Bring the ‘digital battery passport’ concept to life
Beginning in 2027, all high-voltage electric car batteries sold in the EU must carry a ‘battery passport’. This is a comprehensive and up-to-date record with more than 100 data points detailing physical attributes, specifications, composition, current condition, carbon footprint, dismantling and recycling/repurposing instructions, pertinent regulatory requirements, and more. Need to know where a battery’s cobalt was sourced, the plant where its cells were produced, the carbon footprint associated with it, its recycled content, and how much life it has left? The digital passport is the single source of truth for that information—one that consumers can use to evaluate and compare products, regulators can use to assess compliance, and members of the circular value chain can use to determine next steps for a battery.
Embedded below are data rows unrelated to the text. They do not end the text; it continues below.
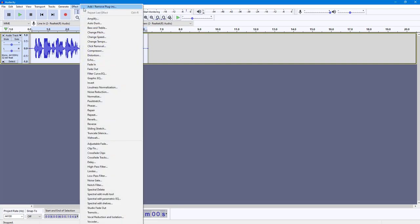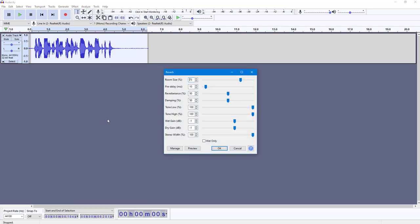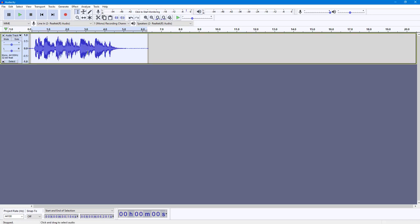If you go into Effect, then you can see reverb is here. Once you click on reverb, this is what you have. You can increase the room size right here, you can adjust delay as well, damping, and everything else. If you press OK, then this is what you have.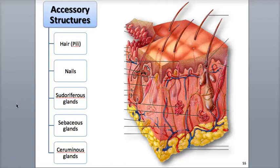Hi everyone, this is Rob Swatsky from the York campus of HACC, and in this podcast we'll be focusing on the accessory structures of the skin, with a major focus on the hair.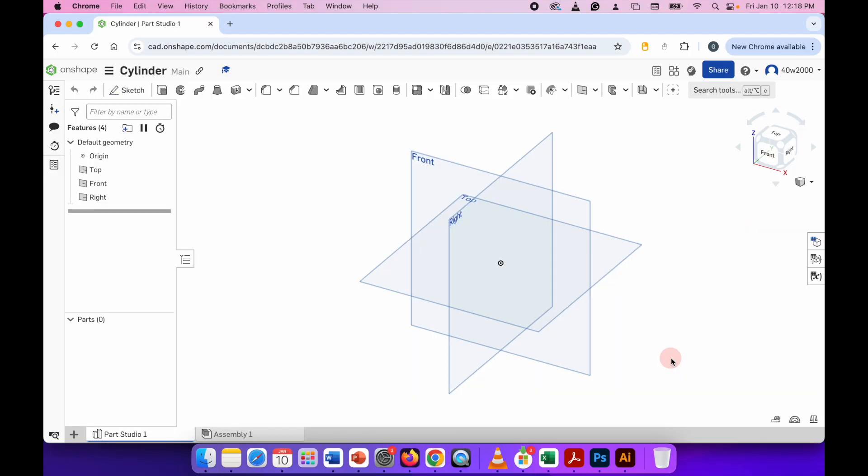Hello ladies and gents, welcome to Onshape. In this video I'm going to quickly show you how to create a three dimensional cylinder.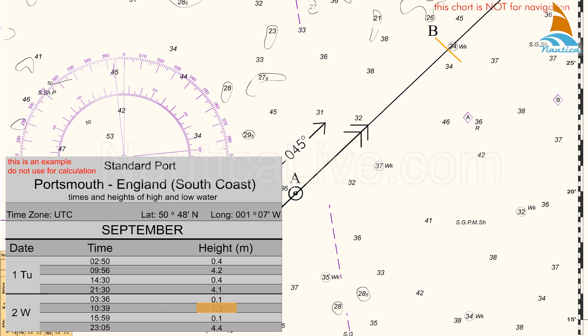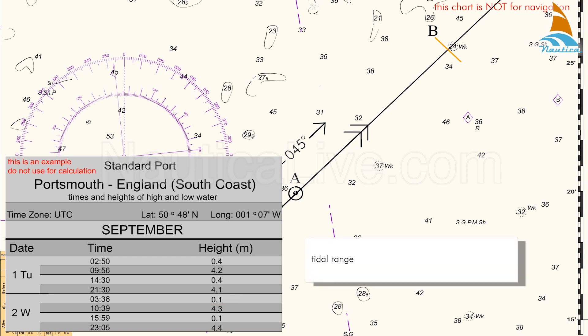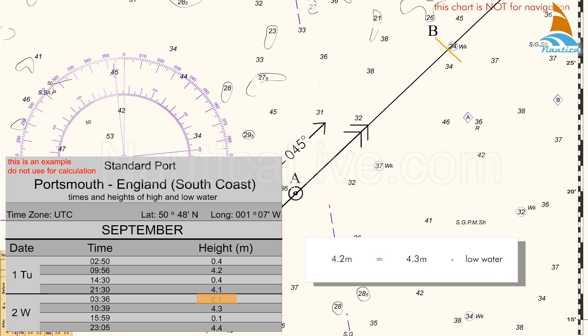To find out whether the rate of the tidal stream is a spring or a neap rate, we also have to take the height of the preceding low water into account, which is 0.1 metres. To calculate the tidal range at this time, we subtract the high water from the low water. Consequently, the tidal range is 4.2 metres — 4.3 minus 0.1 metres.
Making the digital passport concept a reality requires track-and-trace tools capable of collecting, standardising, and disclosing data associated with each and every step in a battery’s journey. That includes internal information and data from multiple parties across the supply chain.
Increase collaboration
Automotive and battery companies have already realised that breaking the linear take-make-waste battery cycle and replacing it with a more sustainable, circular approach won’t happen in a vacuum. Instead, it’s going to take extensive information sharing and co-innovation across companies and industries. Automakers, cell manufacturers, battery producers, raw material suppliers, and recycling companies will need to connect their digital systems to share information, work from common digital environments, jointly develop standard practices and parameters to govern their collaborative efforts, and pursue multi-stakeholder business models. They’ll also need the means to share carbon footprint and other sustainability-related information.
These types of collaborative, cross-industry frameworks—business networks, ecosystems, and consortia—are already emerging around electric vehicle batteries. Active initiatives include the Global Battery Alliance, Battery Pass, and Catena-X.
With collaboration catalysts like these in place, along with a new generation of digital tools and a collective will to end the battery bottleneck, we already have the makings of a more sustainable and decarbonised transportation future. Now it’s time for companies to individually and collectively take steps to make that future a reality.
The opinions expressed here are those of the author and do not necessarily reflect the positions of Automotive World Ltd.